Considérant que, par l'ordonnance attaquée, le juge des référés a enjoint au ministre de la défense d'admettre M. A dans une école de sous-officiers de la gendarmerie nationale ; que le juge n'ayant pas donné à son injonction un caractère provisoire dans l'attente de l'intervention du jugement au fond, il a ainsi méconnu les dispositions précitées de l'article L. 511-1 du code de justice administrative et par conséquent commis une erreur de droit ; que dès lors l'ordonnance du juge des référés du tribunal administratif de Montpellier du 26 mai 2008 doit être annulée en tant qu'elle enjoint au MINISTRE DE LA DEFENSE d'admettre M. A dans une école de sous-officiers de la gendarmerie ;

Considérant que dans les circonstances de l'espèce il y a lieu, en application de l'article L. 821-2 du code de justice administrative, de régler, dans cette mesure, l'affaire au titre de la procédure de référé engagée ;

Considérant qu'eu égard à ses motifs, la suspension prononcée par le juge des référés du tribunal administratif de Montpellier de la décision du ministre de la défense du 6 décembre 2007 refusant d'admettre M. A dans une école de sous-officiers de gendarmerie, implique nécessairement, en l'état de l'instruction, que l'intéressé soit admis provisoirement dans cette école, dans l'attente de l'intervention de la décision du juge sur le fond du litige, afin de préserver, à titre conservatoire, les droits qu'il tient de sa réussite aux épreuves d'admission dont les résultats ont une durée de validité limitée ; qu'il y a lieu, par suite, d'enjoindre au MINISTRE DE LA DEFENSE de prononcer à titre provisoire et conservatoire cette admission ;

D E C I D E :

--------------

Article 1er : L'article 2 de l'ordonnance du 26 mai 2008 du juge des référés du tribunal administratif de Montpellier est annulé.

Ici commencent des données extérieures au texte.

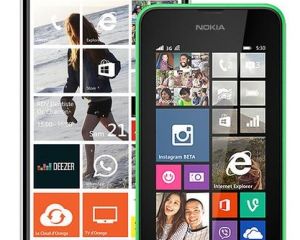 [Bon plan] Pour un Nokia Lumia 830 chez Darty, un Lumia 530 offert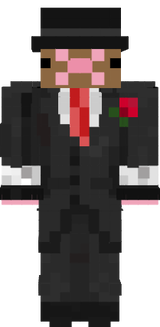 Mole With no brim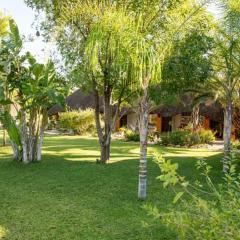 Lion's Den Guesthouse Otjiwarongo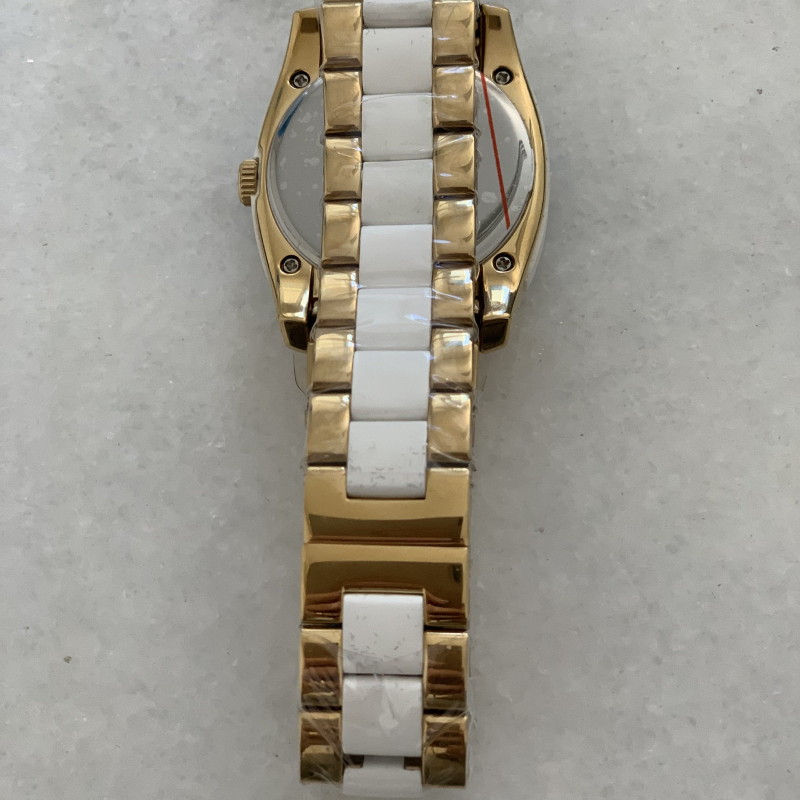 Relógio Kate Spade New York Skyline Branco Relógio Kate Spade New York Skyline Branco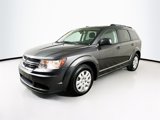 Used 2019 Dodge Journey SE image 3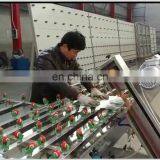 Insulating Glass Processing Glass Edges Cleaning Machine With Competitive Price thumbnail-5
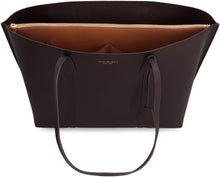 Carica l'immagine nel visualizzatore di Gallery, Borsa shopping Perry in pelle

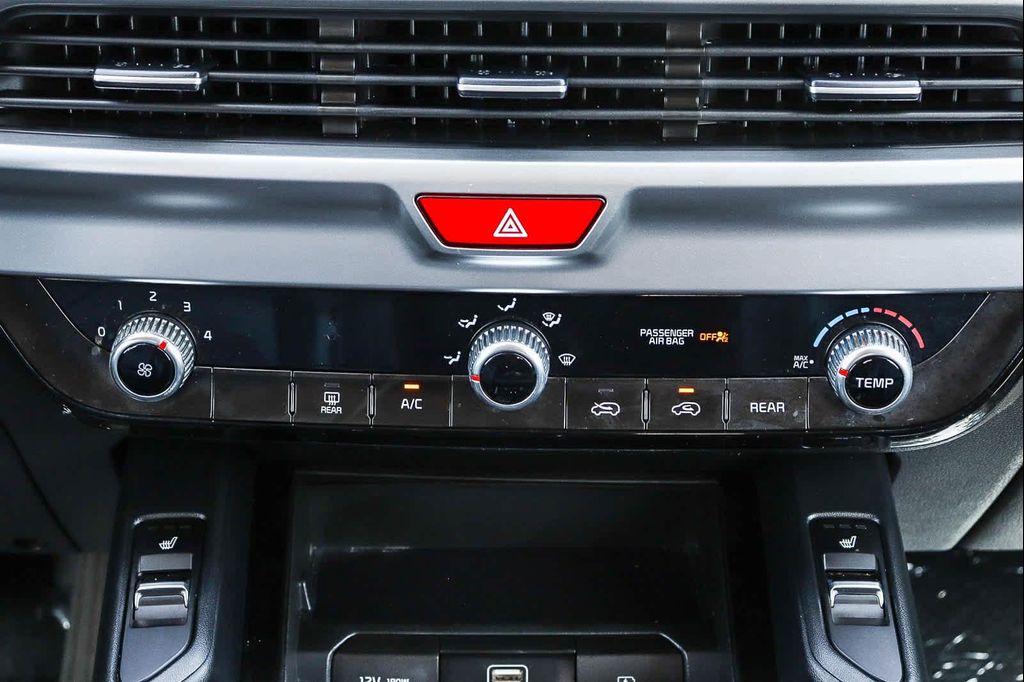 used 2020 Kia Telluride car, priced at $25,275
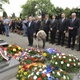 Pietní akt u hrobu JUDr. Milady Horákové a k uctění obětí totalitních režimů u Památníku kněží, řeholníků a řeholnic na Vyšehradském hřbitově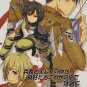YAT29 Doujinshi Attack on Titan Shingeki no Kyojin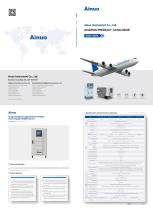 Ainuo Programmable Broadband Static Variable Power Supply AN38(F) series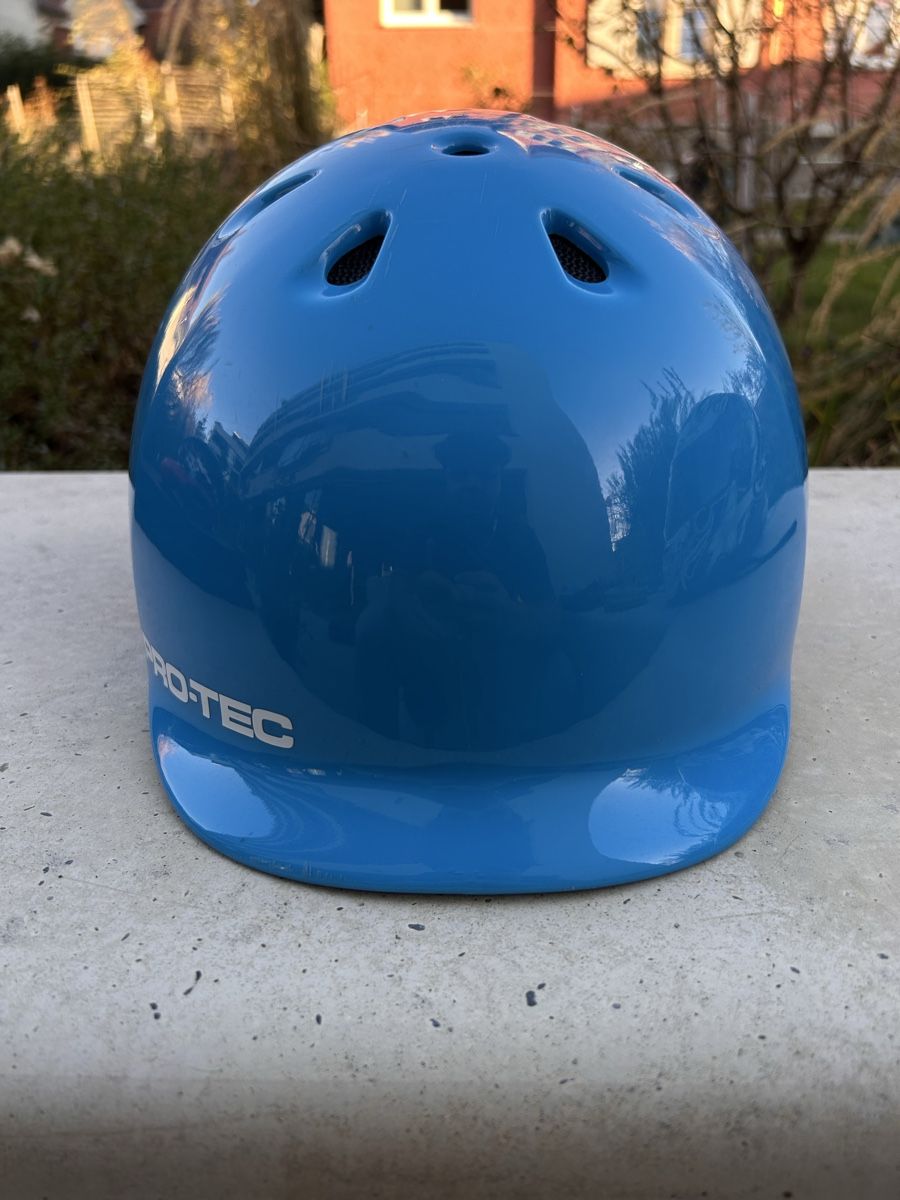 Helme: Pro-Tec Skihelm XL – Gebraucht aus Wettingen von marquessimon 1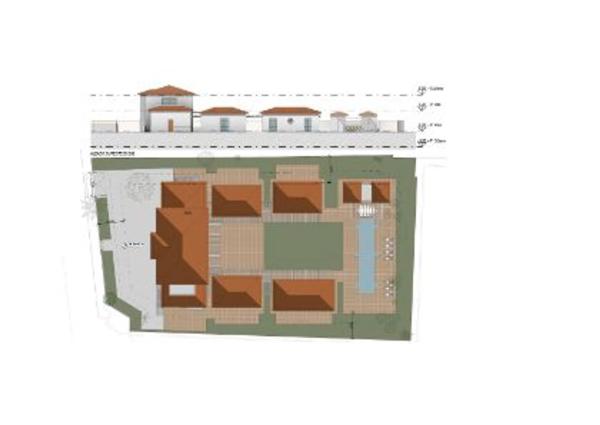 Terreno en calle Menchu Escobar, 45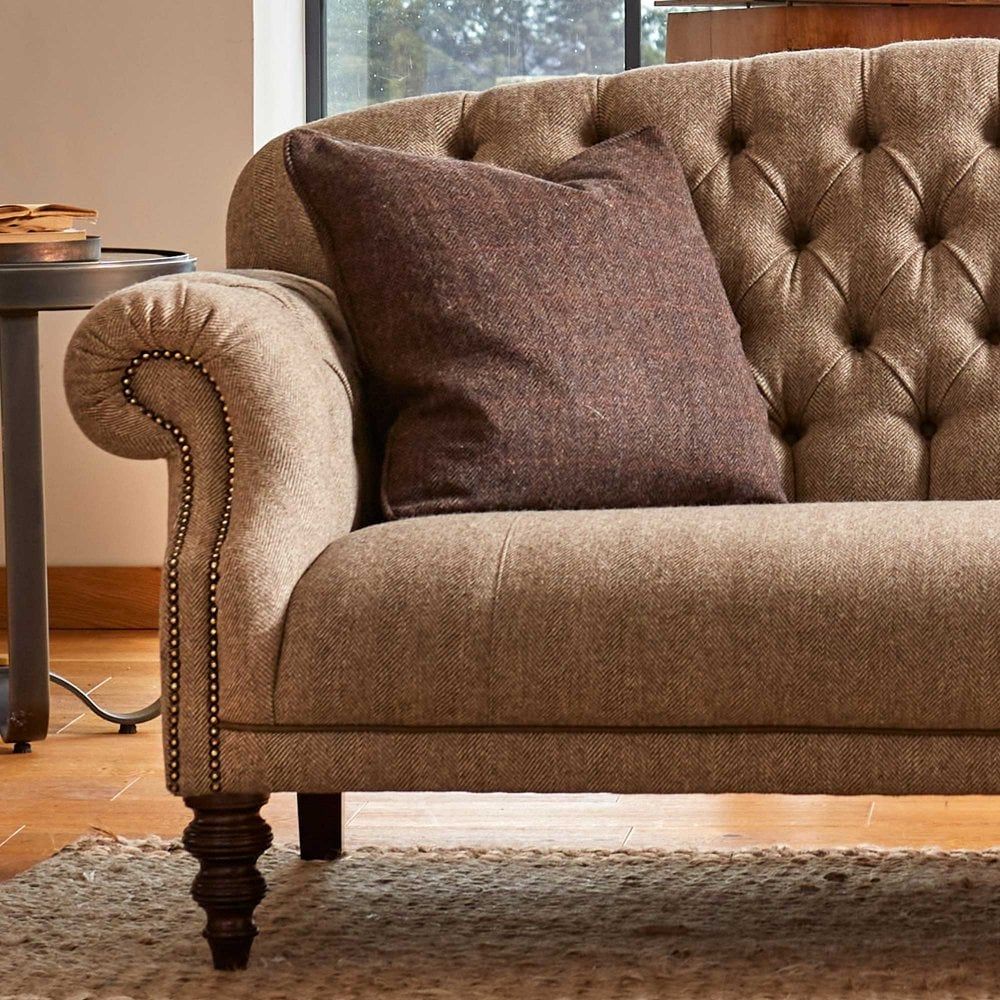 Arbroath by Tetrad Grand Sofa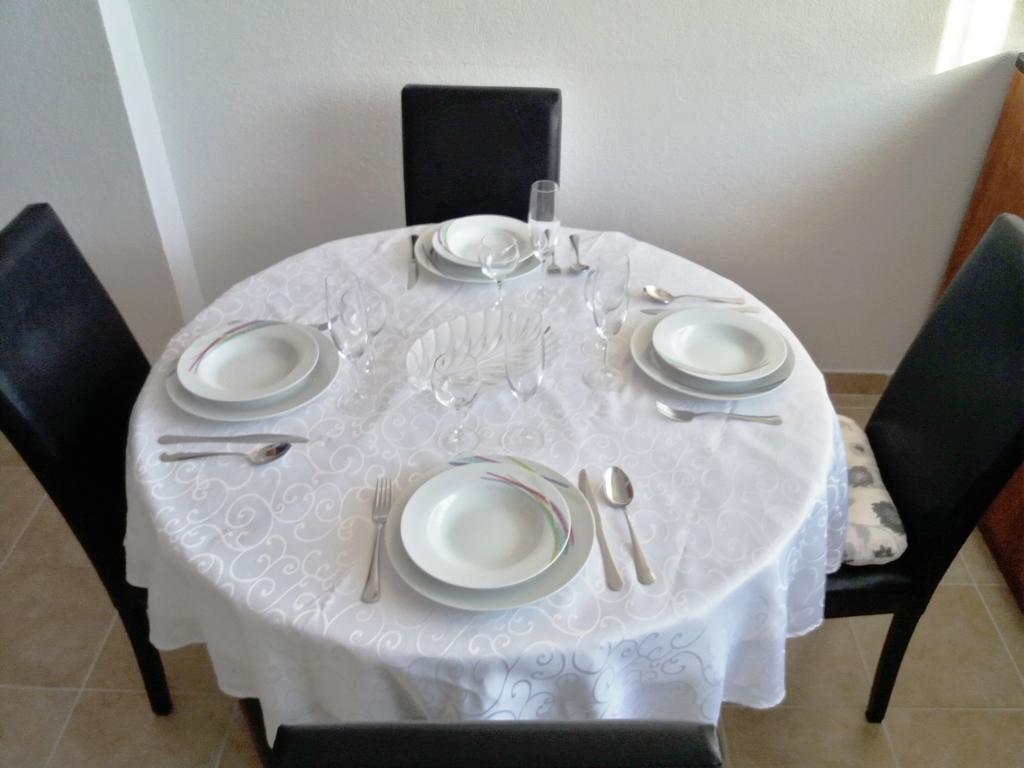 Apartment Tanya Rijeka Dış mekan fotoğraf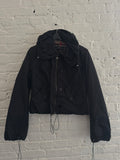 Mary Depp Utilitarian Utility Jacket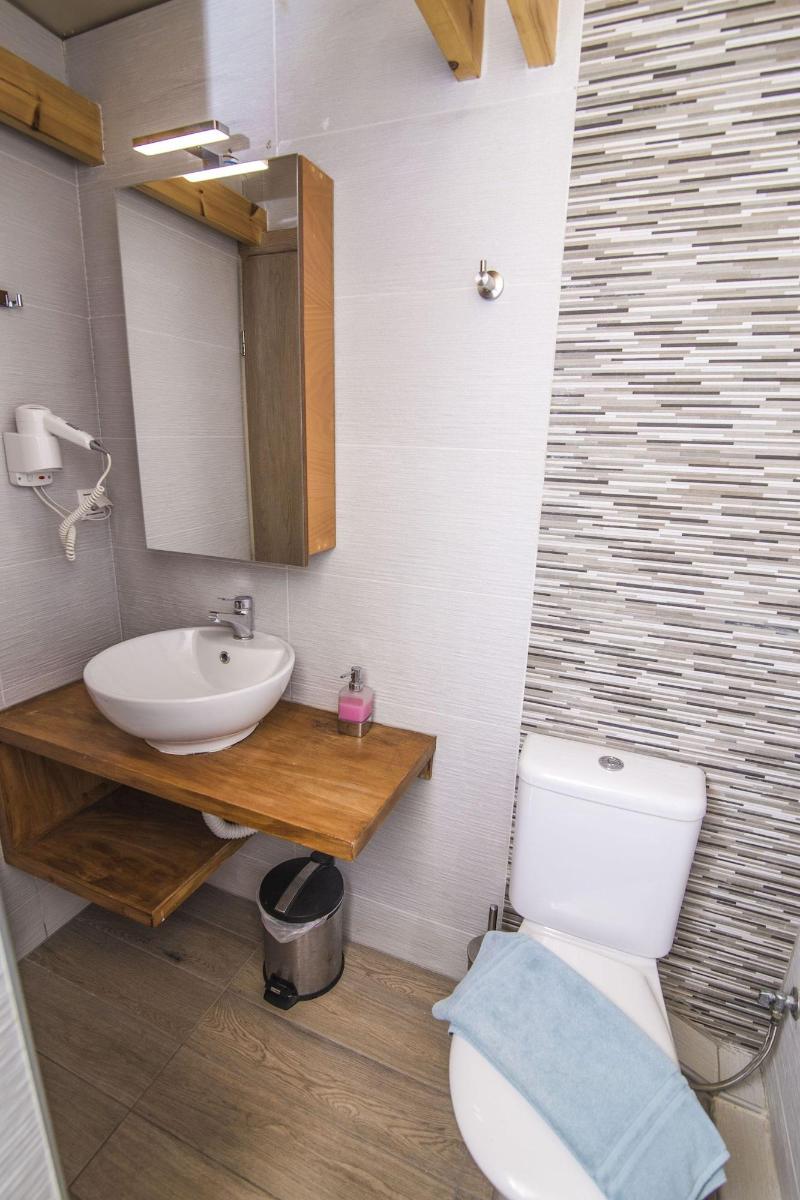 Grand Theoni Hotel Suites & Spa - Oda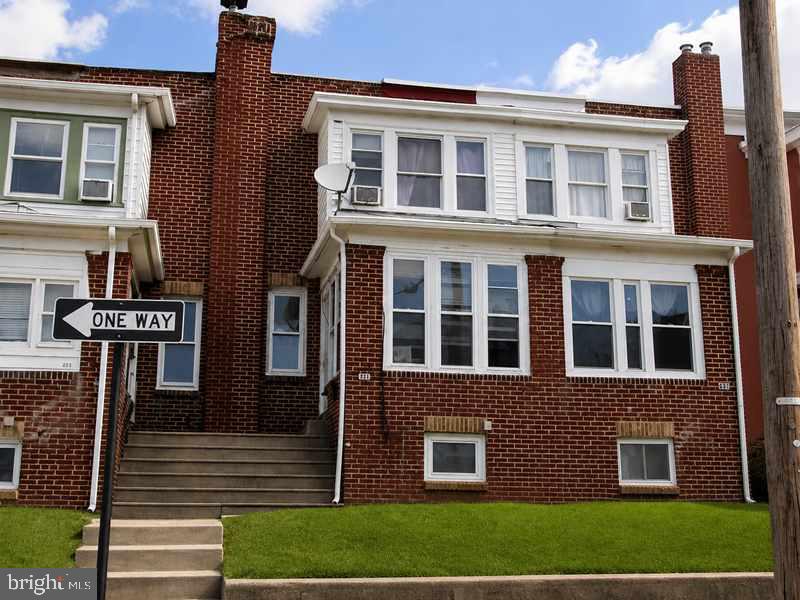 319 AVON ROAD
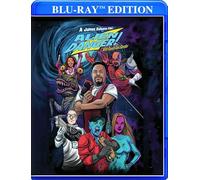 Alien Danger! With Raven Van Slender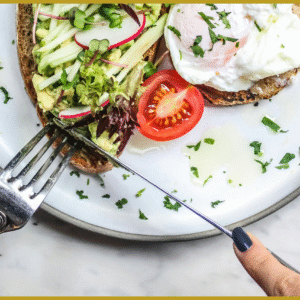 guided meditation: healing emotional hunger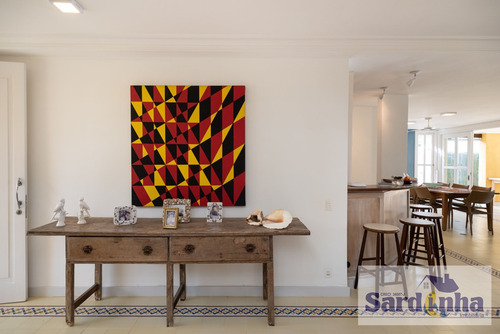 Imagem 8 de 15 de Casa Em Condomínio Em Praça Da Baleia - São Sebastião - 4286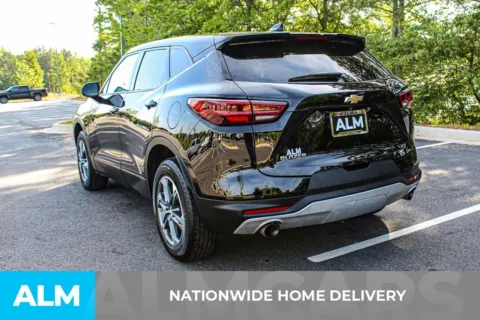 More photos of 2025 Chevrolet Blazer LT at ALM Mall of Georgia, GA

Article 2 : Il est enjoint au MINISTRE DE LA DEFENSE d'admettre M. A dans une école de sous-officiers de gendarmerie dans l'attente de l'intervention du jugement du tribunal administratif de Montpellier sur son recours pour excès de pouvoir formé contre la décision du 6 décembre 2007.

Article 3 : Le surplus des conclusions du pourvoi du MINISTRE DE LA DEFENSE est rejeté.

Article 4 : La présente décision sera notifiée à M. Lyacine A et au MINISTRE DE LA DÉFENSE.


Synthèse
Formation : 7ème et 2ème sous-sections réunies
Numéro d'arrêt : 317098
Date de la décision : 20/05/2009
Type d'affaire : Administrative
Type de recours : Excès de pouvoir

Analyses

54-035-02-04 PROCÉDURE. PROCÉDURES INSTITUÉES PAR LA LOI DU 30 JUIN 2000. RÉFÉRÉ SUSPENSION (ART. L. 521-1 DU CODE DE JUSTICE ADMINISTRATIVE). POUVOIRS ET DEVOIRS DU JUGE. - POUVOIRS DU JUGE - INCLUSION - PRONONCÉ D'UNE INJONCTION - CONDITION - MESURE DEVANT PRÉSENTER UN CARACTÈRE PROVISOIRE [RJ1] - EXISTENCE - INJONCTION D'ADMETTRE LE REQUÉRANT DANS UNE ÉCOLE DE SERVICE PUBLIC À TITRE PROVISOIRE, JUSQU'À L'INTERVENTION DU JUGEMENT AU FOND [RJ2].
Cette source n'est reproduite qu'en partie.